Roadblocks and On Ramps
Navigating individual state requirements can be a tricky process for those in other countries. For instance, Washington’s rules require anyone outside of the ABET system to get prior board approval before taking the Fundamentals of Engineering Exam.
If an overseas applicant has an ABET-accredited degree, the educational part of licensure is straightforward. But Milligan says ABET encourages state licensing boards to also recognize the graduates from programs participating in the Washington Accord (some will, but some will not), since a lot of effort goes into verifying the consistency and quality of those accrediting systems.
Candidates outside the ABET system can also have their education evaluated by a credential evaluating service—such as NCEES’s. This is a course-by-course evaluation to determine if the degree is equivalent to a US one.

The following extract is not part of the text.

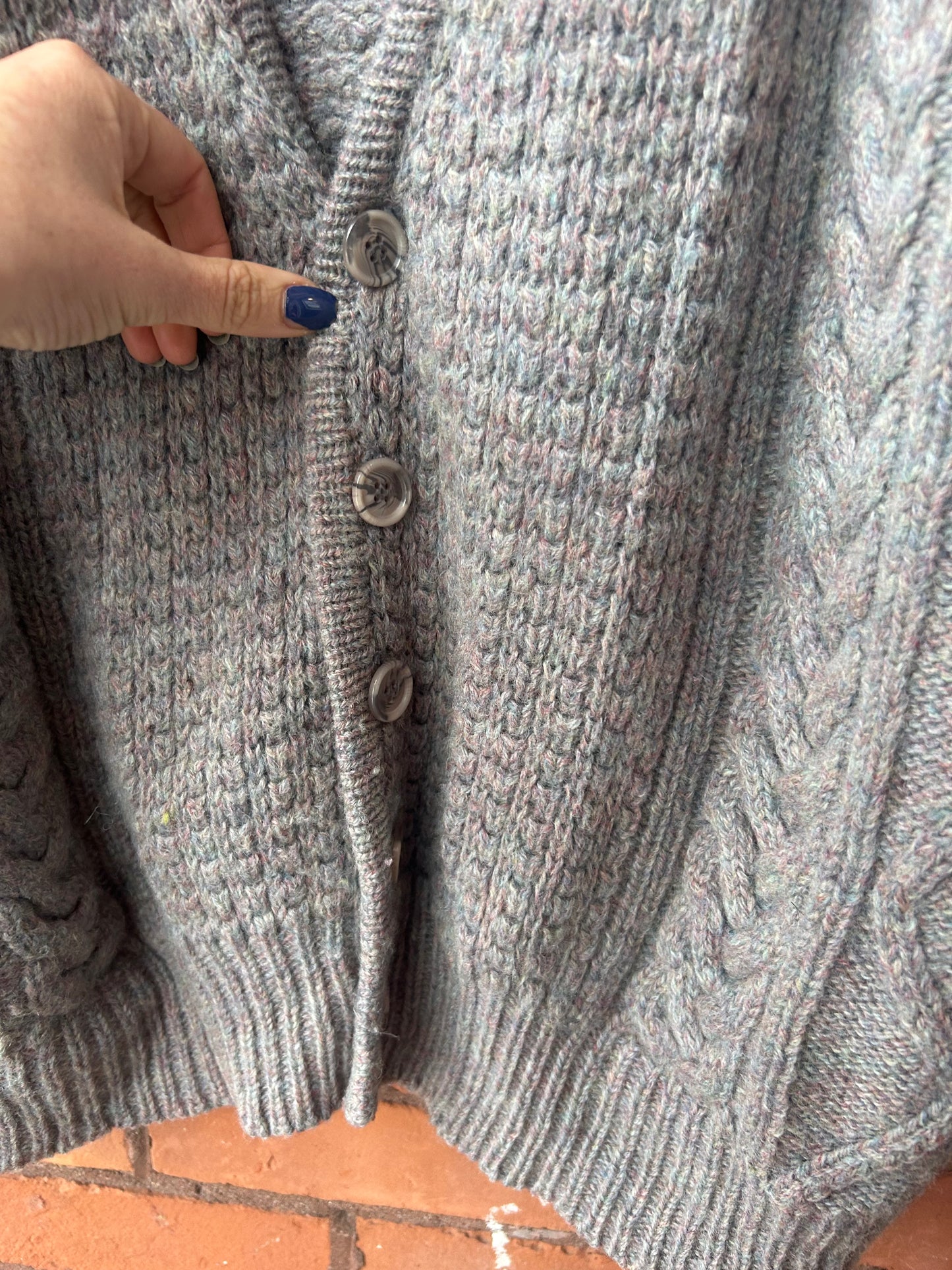 90’s Vintage Grey & Lilac Wool Cardigan / Size XL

But even candidates from countries with licensing systems similar to the US still have to apply and meet the requirements of individual states. The US system doesn’t provide for automatic equivalency, Carter explains, due to the decentralized nature of licensure. At a minimum, candidates will have to take NCEES exams.
Although there is no permanent one-to-one equivalency of international licenses in the US, the international agreements aim to help the process.
The International Engineering Alliance’s Wakelin believes that bilateral agreements between countries (or countries and states in the case of the US) can be cumbersome and expensive. Instead, he emphasizes a global standard, even if it doesn’t result in automatic transference of credentials. “At least people can say, ‘I know what it means.’ They might impose additional conditions…but the base experience is recognized.”
Despite efforts to ease the process, questions about international licensure and mobility remain.
According to Wakelin, the alliance is in the early stages of reviewing whether national systems’ equivalency can be judged versus individual engineers’ competencies. He believes that will be easy for some systems, but more difficult for others.
The Washington board’s Twiss has worked on NCEES’s Foreign Experience Evaluation Task Force, which is developing recommendations to the council about a clearinghouse that would help support overseas licensing processes and requirements of member boards. “Instead of a search on the Internet, it would be a clearinghouse hosted by NCEES to give us a far more reliable source of info,” says Twiss.
But he brings up disciplinary action as a concern—how will state regulatory systems address misbehavior of foreign candidates? “Is there a remedy to protect the public if behavior is unacceptable to standards?” he asks.
Still, Twiss is a supporter of international mobility. “Common sense dictates that the whole world community is merging,” he says. “Everybody is a keyboard away.”
Carter says that NCEES has been trying to educate member boards about the need to think outside of not only state but also national boundaries to eliminate obstacles that are just bureaucratic and don’t add to public protection.
The council has found that all the international partners they’ve worked with have shown the highest degree of professionalism, he says, and the same motivation to practice ethically.
And, Carter says, for US engineers, it’s not enough to be licensed in a couple of states now. “You’re going to have to grow, look worldwide for business. It’s just going to be [required for] the engineer of the future.”